§ Material for this exercise:
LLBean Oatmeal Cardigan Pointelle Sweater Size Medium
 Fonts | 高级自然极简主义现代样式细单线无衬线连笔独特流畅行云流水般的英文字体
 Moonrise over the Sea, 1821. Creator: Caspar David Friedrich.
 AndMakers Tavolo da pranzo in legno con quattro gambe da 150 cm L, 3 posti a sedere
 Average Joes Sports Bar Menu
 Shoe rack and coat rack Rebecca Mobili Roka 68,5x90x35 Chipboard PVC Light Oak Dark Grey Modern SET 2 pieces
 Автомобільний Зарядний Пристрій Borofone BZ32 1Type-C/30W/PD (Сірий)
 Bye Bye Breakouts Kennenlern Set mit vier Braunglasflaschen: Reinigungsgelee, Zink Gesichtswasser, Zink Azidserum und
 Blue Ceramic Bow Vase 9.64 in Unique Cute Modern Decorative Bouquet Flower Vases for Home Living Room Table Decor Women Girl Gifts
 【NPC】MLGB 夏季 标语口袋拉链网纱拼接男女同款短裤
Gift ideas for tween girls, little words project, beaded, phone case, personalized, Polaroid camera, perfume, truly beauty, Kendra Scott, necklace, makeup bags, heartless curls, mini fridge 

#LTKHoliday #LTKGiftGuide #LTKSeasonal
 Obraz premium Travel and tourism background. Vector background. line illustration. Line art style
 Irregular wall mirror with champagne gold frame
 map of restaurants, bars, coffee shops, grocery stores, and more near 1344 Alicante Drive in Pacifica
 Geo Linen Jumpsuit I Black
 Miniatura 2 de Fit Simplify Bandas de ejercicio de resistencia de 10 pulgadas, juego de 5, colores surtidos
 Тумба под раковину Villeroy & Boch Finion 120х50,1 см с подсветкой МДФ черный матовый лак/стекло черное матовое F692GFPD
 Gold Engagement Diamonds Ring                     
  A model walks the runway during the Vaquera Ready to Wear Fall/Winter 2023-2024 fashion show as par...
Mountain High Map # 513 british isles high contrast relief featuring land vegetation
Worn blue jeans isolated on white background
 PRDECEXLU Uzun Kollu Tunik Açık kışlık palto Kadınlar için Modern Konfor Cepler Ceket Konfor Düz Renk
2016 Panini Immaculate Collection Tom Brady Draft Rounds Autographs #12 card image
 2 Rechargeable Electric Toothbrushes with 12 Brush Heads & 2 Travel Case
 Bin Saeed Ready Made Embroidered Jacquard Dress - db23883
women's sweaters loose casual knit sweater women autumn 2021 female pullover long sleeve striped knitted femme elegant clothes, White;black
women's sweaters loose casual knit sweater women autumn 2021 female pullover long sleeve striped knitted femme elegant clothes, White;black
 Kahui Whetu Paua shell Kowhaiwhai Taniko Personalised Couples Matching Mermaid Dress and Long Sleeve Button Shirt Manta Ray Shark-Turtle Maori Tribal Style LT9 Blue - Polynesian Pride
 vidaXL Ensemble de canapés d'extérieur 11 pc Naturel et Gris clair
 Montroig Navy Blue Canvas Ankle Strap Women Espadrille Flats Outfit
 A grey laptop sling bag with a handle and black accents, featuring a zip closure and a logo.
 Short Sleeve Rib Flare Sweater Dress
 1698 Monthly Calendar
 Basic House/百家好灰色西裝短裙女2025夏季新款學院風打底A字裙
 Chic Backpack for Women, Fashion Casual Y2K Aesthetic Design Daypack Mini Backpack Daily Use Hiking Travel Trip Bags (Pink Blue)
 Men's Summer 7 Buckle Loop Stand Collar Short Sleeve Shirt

§ Directions:
Give every record again, exactly as it reads.

§ Solution below:
LLBean Oatmeal Cardigan Pointelle Sweater Size Medium
 Fonts | 高级自然极简主义现代样式细单线无衬线连笔独特流畅行云流水般的英文字体
 Moonrise over the Sea, 1821. Creator: Caspar David Friedrich.
 AndMakers Tavolo da pranzo in legno con quattro gambe da 150 cm L, 3 posti a sedere
 Average Joes Sports Bar Menu
 Shoe rack and coat rack Rebecca Mobili Roka 68,5x90x35 Chipboard PVC Light Oak Dark Grey Modern SET 2 pieces
 Автомобільний Зарядний Пристрій Borofone BZ32 1Type-C/30W/PD (Сірий)
 Bye Bye Breakouts Kennenlern Set mit vier Braunglasflaschen: Reinigungsgelee, Zink Gesichtswasser, Zink Azidserum und
 Blue Ceramic Bow Vase 9.64 in Unique Cute Modern Decorative Bouquet Flower Vases for Home Living Room Table Decor Women Girl Gifts
 【NPC】MLGB 夏季 标语口袋拉链网纱拼接男女同款短裤
Gift ideas for tween girls, little words project, beaded, phone case, personalized, Polaroid camera, perfume, truly beauty, Kendra Scott, necklace, makeup bags, heartless curls, mini fridge 

#LTKHoliday #LTKGiftGuide #LTKSeasonal
 Obraz premium Travel and tourism background. Vector background. line illustration. Line art style
 Irregular wall mirror with champagne gold frame
 map of restaurants, bars, coffee shops, grocery stores, and more near 1344 Alicante Drive in Pacifica
 Geo Linen Jumpsuit I Black
 Miniatura 2 de Fit Simplify Bandas de ejercicio de resistencia de 10 pulgadas, juego de 5, colores surtidos
 Тумба под раковину Villeroy & Boch Finion 120х50,1 см с подсветкой МДФ черный матовый лак/стекло черное матовое F692GFPD
 Gold Engagement Diamonds Ring                     
  A model walks the runway during the Vaquera Ready to Wear Fall/Winter 2023-2024 fashion show as par...
Mountain High Map # 513 british isles high contrast relief featuring land vegetation
Worn blue jeans isolated on white background
 PRDECEXLU Uzun Kollu Tunik Açık kışlık palto Kadınlar için Modern Konfor Cepler Ceket Konfor Düz Renk
2016 Panini Immaculate Collection Tom Brady Draft Rounds Autographs #12 card image
 2 Rechargeable Electric Toothbrushes with 12 Brush Heads & 2 Travel Case
 Bin Saeed Ready Made Embroidered Jacquard Dress - db23883
women's sweaters loose casual knit sweater women autumn 2021 female pullover long sleeve striped knitted femme elegant clothes, White;black
women's sweaters loose casual knit sweater women autumn 2021 female pullover long sleeve striped knitted femme elegant clothes, White;black
 Kahui Whetu Paua shell Kowhaiwhai Taniko Personalised Couples Matching Mermaid Dress and Long Sleeve Button Shirt Manta Ray Shark-Turtle Maori Tribal Style LT9 Blue - Polynesian Pride
 vidaXL Ensemble de canapés d'extérieur 11 pc Naturel et Gris clair
 Montroig Navy Blue Canvas Ankle Strap Women Espadrille Flats Outfit
 A grey laptop sling bag with a handle and black accents, featuring a zip closure and a logo.
 Short Sleeve Rib Flare Sweater Dress
 1698 Monthly Calendar
 Basic House/百家好灰色西裝短裙女2025夏季新款學院風打底A字裙
 Chic Backpack for Women, Fashion Casual Y2K Aesthetic Design Daypack Mini Backpack Daily Use Hiking Travel Trip Bags (Pink Blue)
 Men's Summer 7 Buckle Loop Stand Collar Short Sleeve Shirt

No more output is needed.